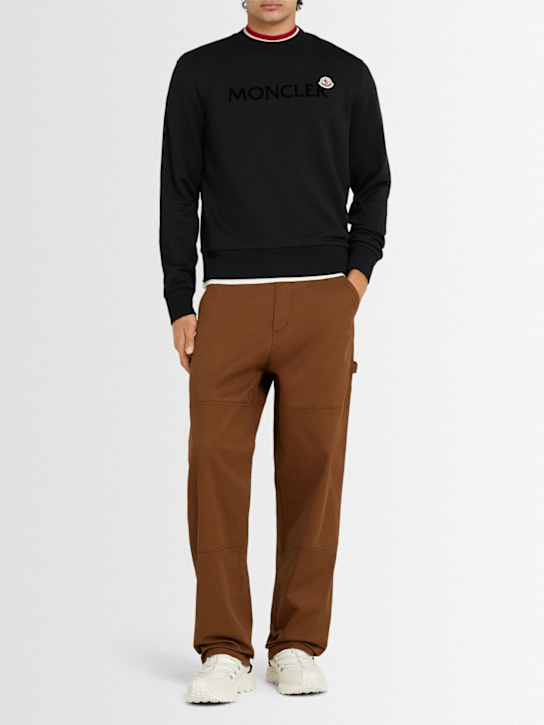 Moncler: Logo cotton fleece crewneck sweatshirt - Black - men_1 | Luisa Via Roma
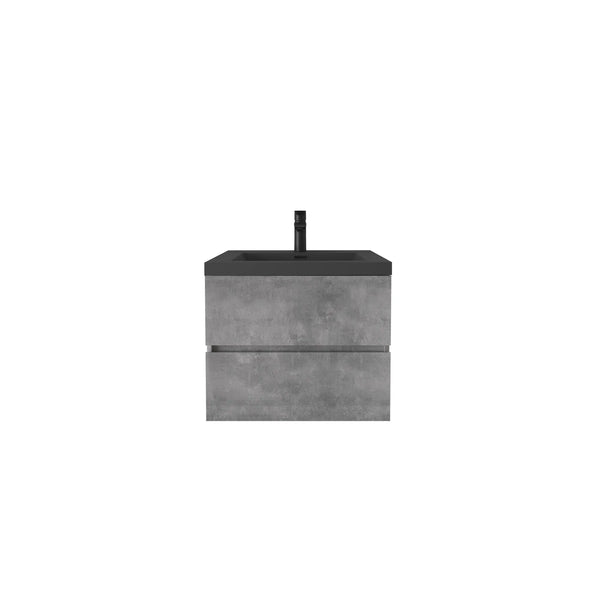 Edi 24'' Grey Single Sink Floating Bathroom Vanity with Black Quartz Sands Countertop TONA Bathroom Furniture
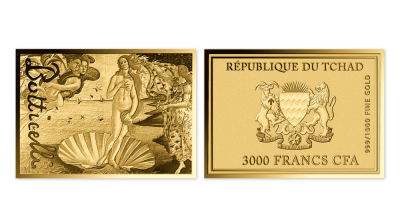 Zrodenie Venuše na 1/1000 oz zlatej minci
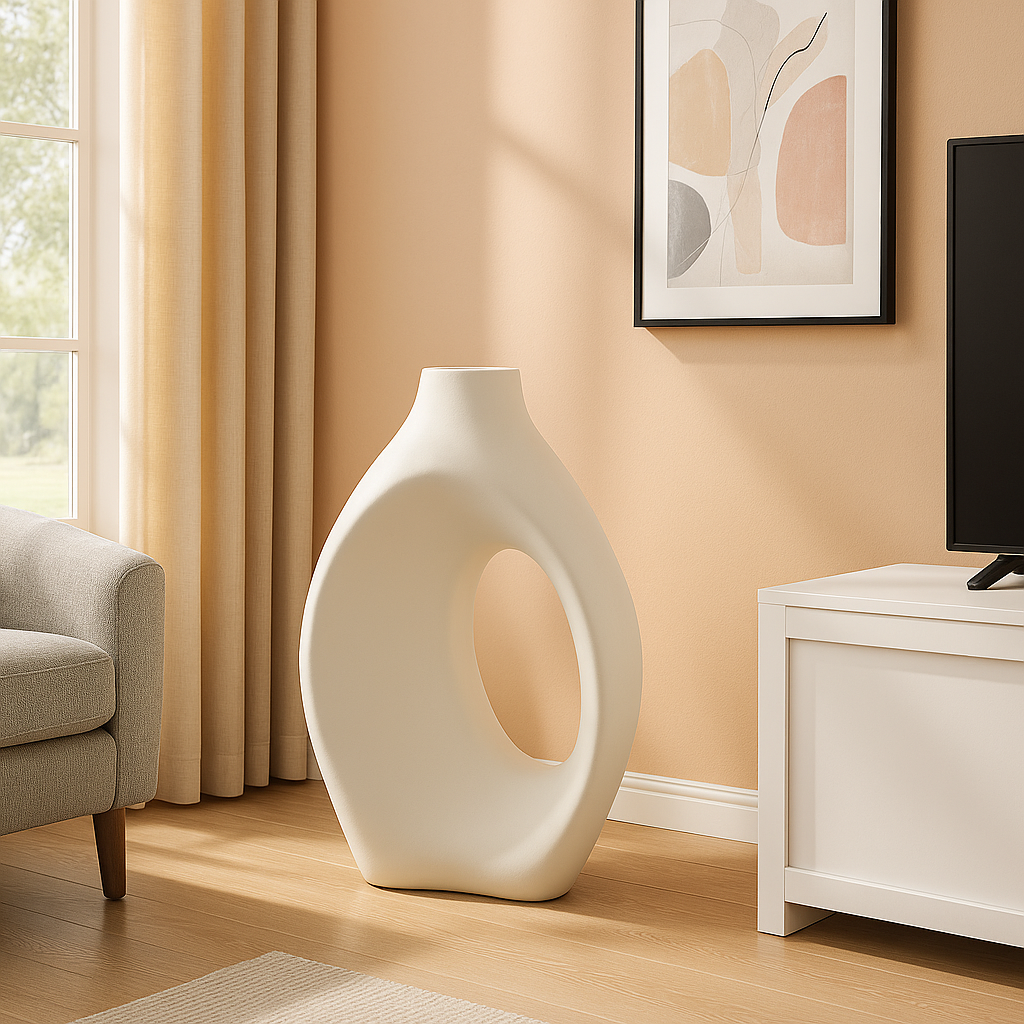 Exclusive Simi Vase Large White - Premium 34" Modern Resin Statement Collection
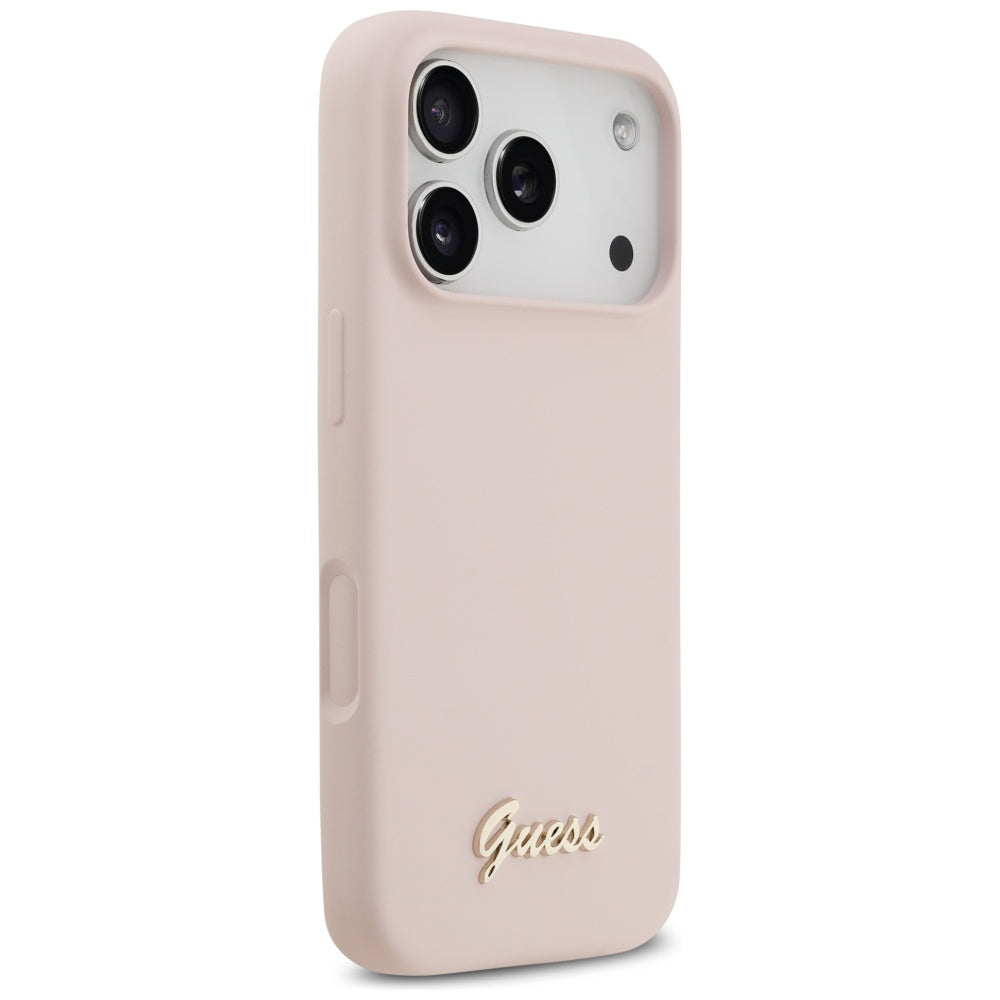 Калъф MagSafe за Apple iPhone 17 Pro, Guess, Script Metal Logo, Светлорозов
_____
REQUIRED ACTION
Skipping any pictures, transcribe the full listing exactly.

ANSWER
 Moncler: Logo cotton fleece crewneck sweatshirt - Black - men_1 | Luisa Via Roma
 Edi 24'' Grey Single Sink Floating Bathroom Vanity with Black Quartz Sands Countertop TONA Bathroom Furniture
 Zrodenie Venuše na 1/1000 oz zlatej minci
 Exclusive Simi Vase Large White - Premium 34" Modern Resin Statement Collection
 Калъф MagSafe за Apple iPhone 17 Pro, Guess, Script Metal Logo, Светлорозов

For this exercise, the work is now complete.